=== What to work on ===
When you reach the line with "500 Mots les" in the listing below, transcribe it and each line after it up to and including the line with "Old - Berlare", exactly and with nothing else.

=== Records for this exercise ===
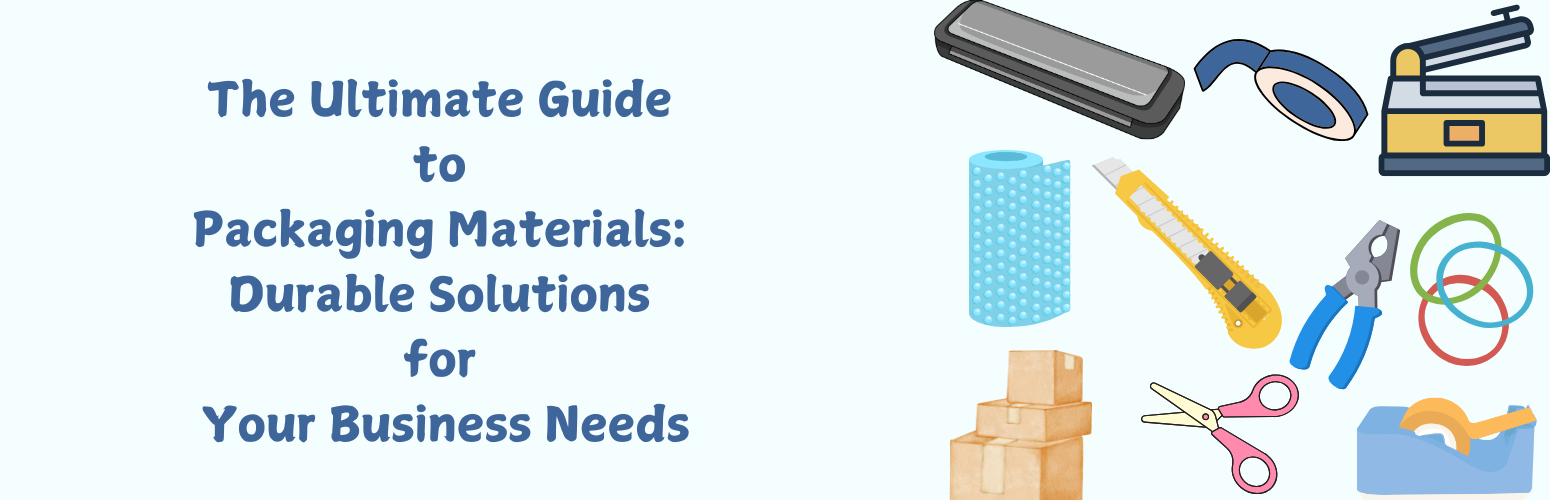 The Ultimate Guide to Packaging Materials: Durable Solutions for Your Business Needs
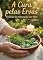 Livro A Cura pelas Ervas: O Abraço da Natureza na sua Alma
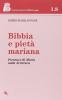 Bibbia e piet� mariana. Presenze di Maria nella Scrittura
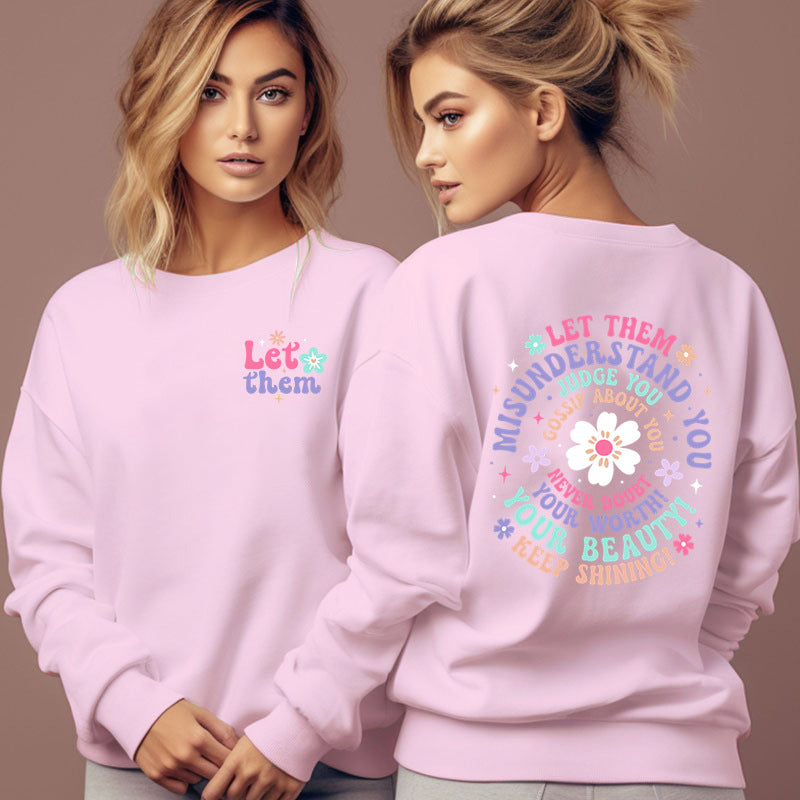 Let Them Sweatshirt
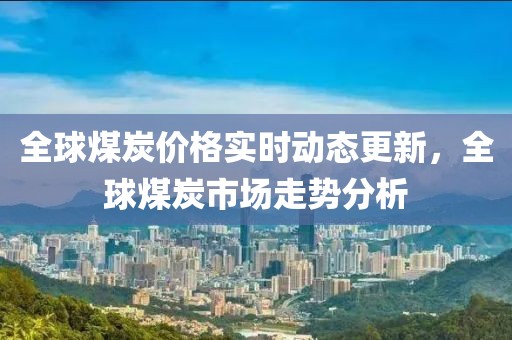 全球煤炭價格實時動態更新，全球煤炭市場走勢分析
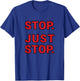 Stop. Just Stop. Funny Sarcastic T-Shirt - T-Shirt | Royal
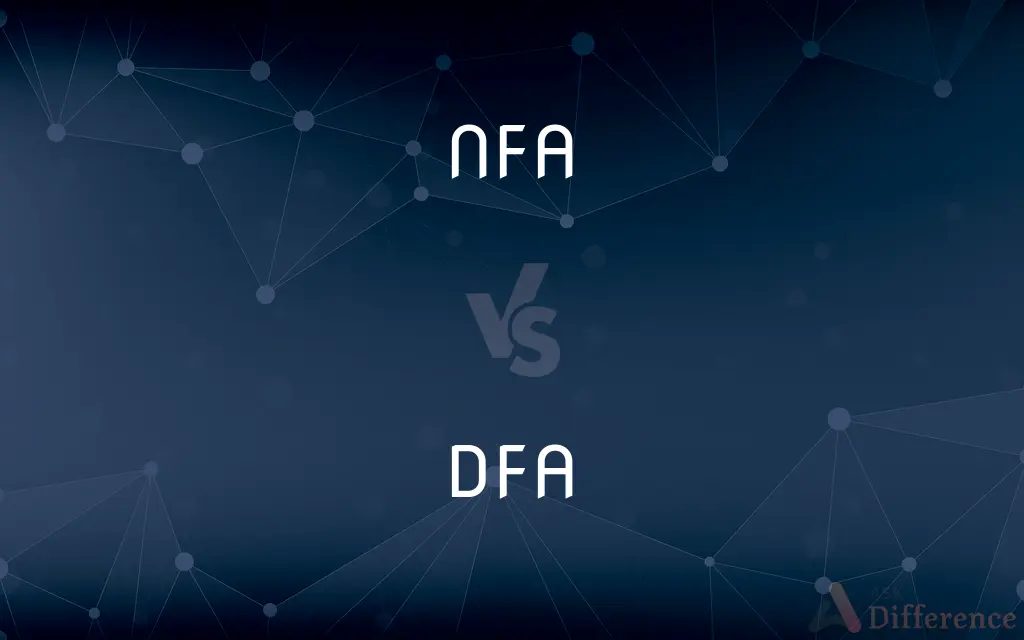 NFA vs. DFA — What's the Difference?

...

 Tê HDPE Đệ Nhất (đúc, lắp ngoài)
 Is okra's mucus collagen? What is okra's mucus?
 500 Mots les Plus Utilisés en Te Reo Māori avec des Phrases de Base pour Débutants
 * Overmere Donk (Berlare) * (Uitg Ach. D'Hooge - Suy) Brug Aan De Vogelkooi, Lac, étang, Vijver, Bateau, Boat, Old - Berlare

=== Task result ===
 500 Mots les Plus Utilisés en Te Reo Māori avec des Phrases de Base pour Débutants
 * Overmere Donk (Berlare) * (Uitg Ach. D'Hooge - Suy) Brug Aan De Vogelkooi, Lac, étang, Vijver, Bateau, Boat, Old - Berlare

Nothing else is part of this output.